### What the exercise asks
Only the text carries over: repeat the records exactly and drop the images.

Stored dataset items
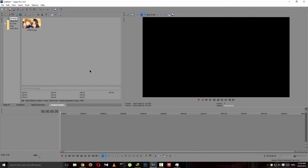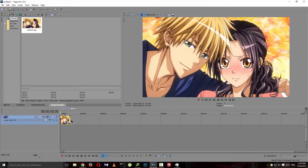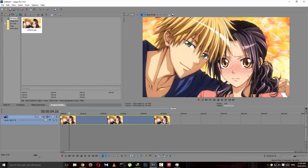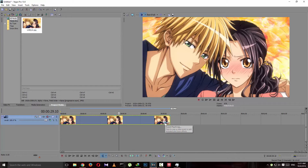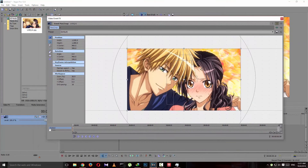Today I'm gonna show you how to flip a video. I'm going to use an image, but the same will work for videos. I've already imported one, so let's just put it in the video track. Now what I have to do is go to Event Pan/Crop.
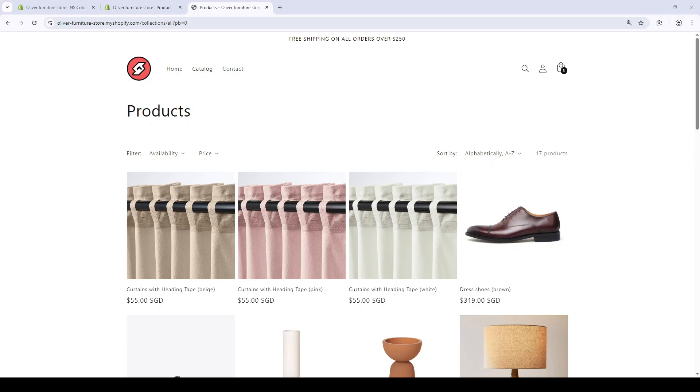In this video, I'll show you how to show variants as separate products on Shopify, or in other words, to split variants like colors or sizes into individual product listings, just like my collection page over here.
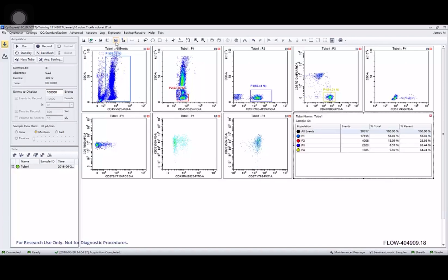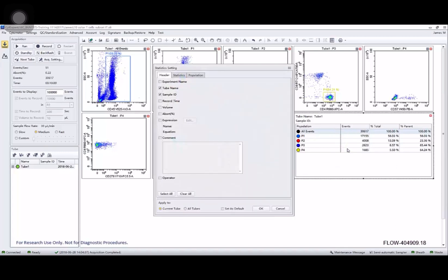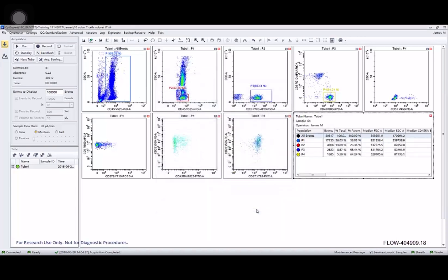If I wanted to create some statistics, I can click the statistics button. I get some options to export as well as to be able to change what statistics are displayed. So I'm going to add who the operator is, have that display for all tubes, and then maybe I also want median values for all channels for each of the gates. And now I get that data.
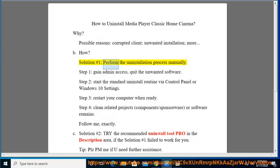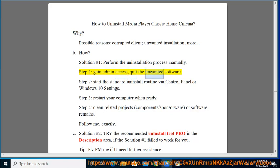Solution number 1: Perform the Uninstallation Process Manually. Step 1: Gain Admin Access and quit the unwanted software. Step 2: Start the standard uninstall routine via Control Panel or Windows 10 Settings.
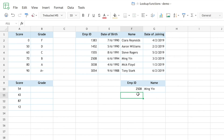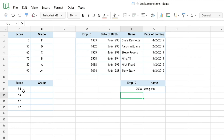Now let's look at how approximate match works in VLOOKUP. On the left, I have a reference table listing score ranges and their corresponding grades: 0–49 is F, 50–59 is D, and so on. Below that are actual student scores — 54, 43, 87, and 12 — which are not exact values listed in the table. This is exactly where approximate match in VLOOKUP is useful.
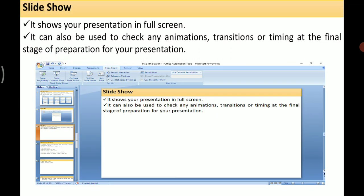The next kind of view is Slide Show. This shows your presentation in full screen. It can also be used to check animations, transitions, or timing at the final stage of preparation. When you click on Slide Show you have options: From Beginning, which starts the slide show from the first slide, or From Current Slide, which starts from whichever slide you are working on. There is also Custom Slide Show, where you can customize the order in which the slides are presented.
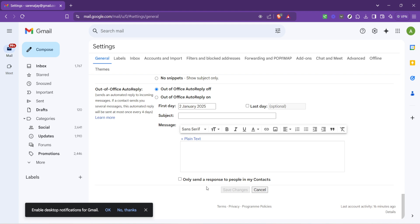Every time you compose a new message, your signature will automatically appear at the bottom of the email, saving you time and ensuring consistency across your communications.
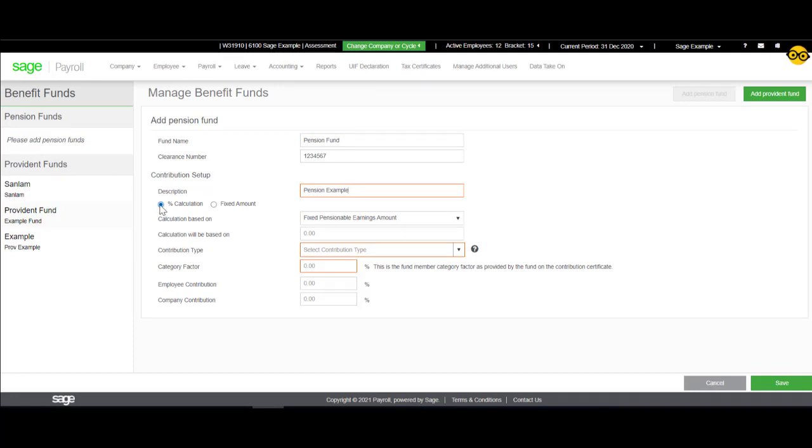If a percentage calculation is selected, the system will automatically calculate based on the percentages entered and the specified incomes.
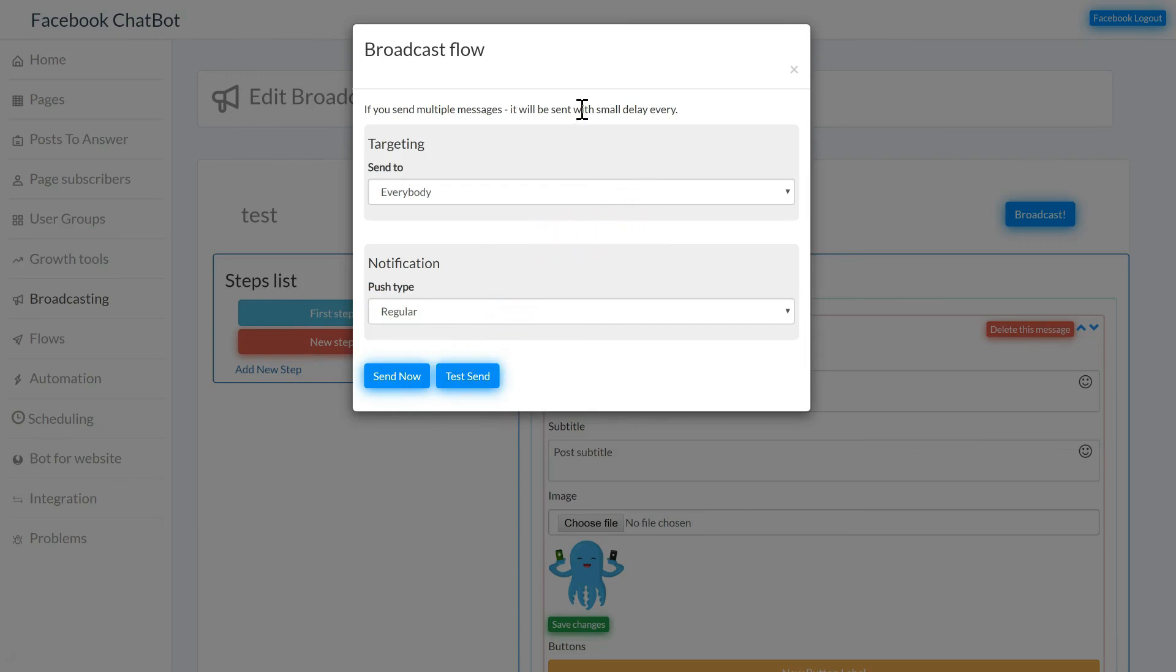That's all there is to broadcast. So in this video we went over sending broadcast messages.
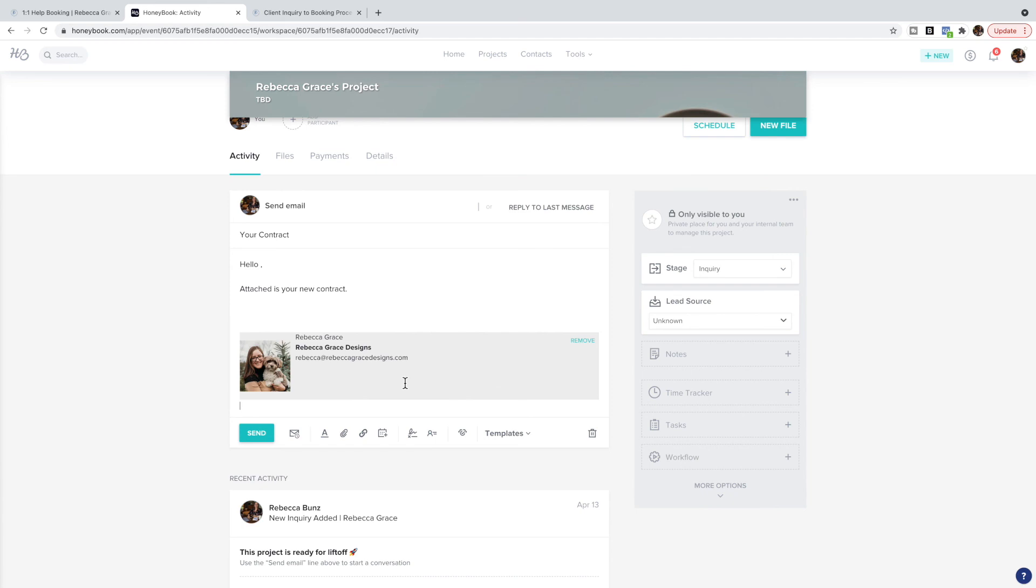If you like this video, make sure you like and subscribe to my YouTube channel or sign up for the freebie in the footer so that you could be notified when I post new tutorials. Until then, that is how you use templates to streamline your client booking process using HoneyBook and Squarespace.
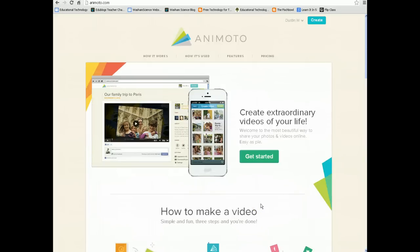In this video, I'm going to show you how to use the website Animoto. Animoto is the same in both the website version and in the app that is available for your iPhone.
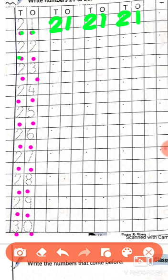The next number is 22. Firstly we have to write number 2: draw half circle, slanting line and sleeping line. Again draw half circle, slanting line and sleeping line. This is 22.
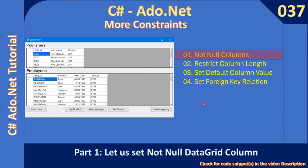Hello friends, welcome to the ADO.NET tutorial. In the last sub-series we learned about primary key and other important constraints. In this video we will further explore more constraints. In this first video we will see how to set not null for a specific data grid column.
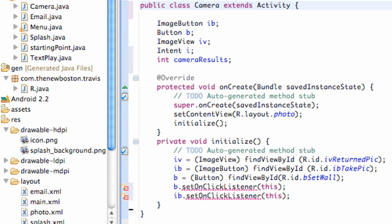What's up guys? Welcome to your 39th Android tutorial for the New Boston. What we're going to do in this tutorial is basically set up a new class. As you can see, I've already done it for the most part. What we're going to do is call this class Camera.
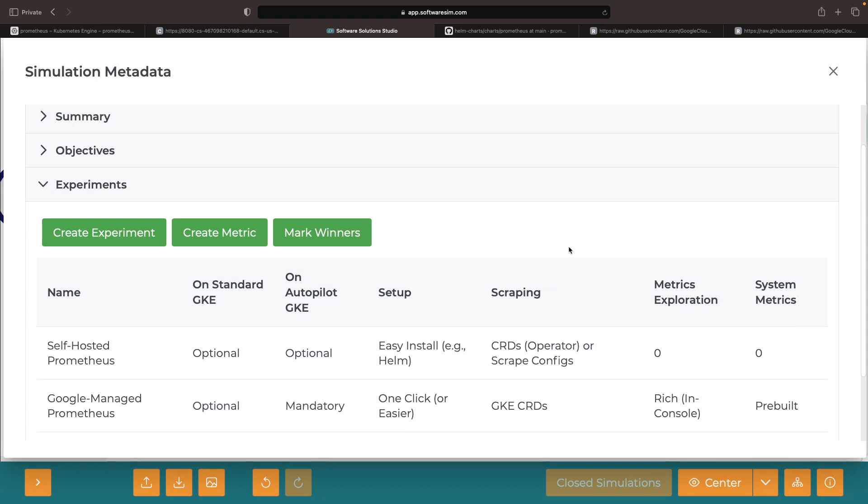These aren't hard and fast rules, but in general, the more cloud-native the Prometheus, the more cloud-native the metrics collection approach. In all cases, we can either push or pull metrics.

### The answer
Today I'm gonna show you how to flip a video. I'm going to use an image, but the same will work for videos. I've already imported one, so let's just put it in the video track. Now what I have to do is go to Event Pan/Crop.
In this video, I'll show you how to show variants as separate products on Shopify, or in other words, to split variants like colors or sizes into individual product listings, just like my collection page over here.
If I wanted to create some statistics, I can click the statistics button. I get some options to export as well as to be able to change what statistics are displayed. So I'm going to add who the operator is, have that display for all tubes, and then maybe I also want median values for all channels for each of the gates. And now I get that data.
Solution number 1: Perform the Uninstallation Process Manually. Step 1: Gain Admin Access and quit the unwanted software. Step 2: Start the standard uninstall routine via Control Panel or Windows 10 Settings.
Now let's look at how approximate match works in VLOOKUP. On the left, I have a reference table listing score ranges and their corresponding grades: 0–49 is F, 50–59 is D, and so on. Below that are actual student scores — 54, 43, 87, and 12 — which are not exact values listed in the table. This is exactly where approximate match in VLOOKUP is useful.
The next kind of view is Slide Show. This shows your presentation in full screen. It can also be used to check animations, transitions, or timing at the final stage of preparation. When you click on Slide Show you have options: From Beginning, which starts the slide show from the first slide, or From Current Slide, which starts from whichever slide you are working on. There is also Custom Slide Show, where you can customize the order in which the slides are presented.
Every time you compose a new message, your signature will automatically appear at the bottom of the email, saving you time and ensuring consistency across your communications.
If a percentage calculation is selected, the system will automatically calculate based on the percentages entered and the specified incomes.
That's all there is to broadcast. So in this video we went over sending broadcast messages.
If you like this video, make sure you like and subscribe to my YouTube channel or sign up for the freebie in the footer so that you could be notified when I post new tutorials. Until then, that is how you use templates to streamline your client booking process using HoneyBook and Squarespace.
In this video, I'm going to show you how to use the website Animoto. Animoto is the same in both the website version and in the app that is available for your iPhone.
The next number is 22. Firstly we have to write number 2: draw half circle, slanting line and sleeping line. Again draw half circle, slanting line and sleeping line. This is 22.
Hello friends, welcome to the ADO.NET tutorial. In the last sub-series we learned about primary key and other important constraints. In this video we will further explore more constraints. In this first video we will see how to set not null for a specific data grid column.
What's up guys? Welcome to your 39th Android tutorial for the New Boston. What we're going to do in this tutorial is basically set up a new class. As you can see, I've already done it for the most part. What we're going to do is call this class Camera.
These aren't hard and fast rules, but in general, the more cloud-native the Prometheus, the more cloud-native the metrics collection approach. In all cases, we can either push or pull metrics.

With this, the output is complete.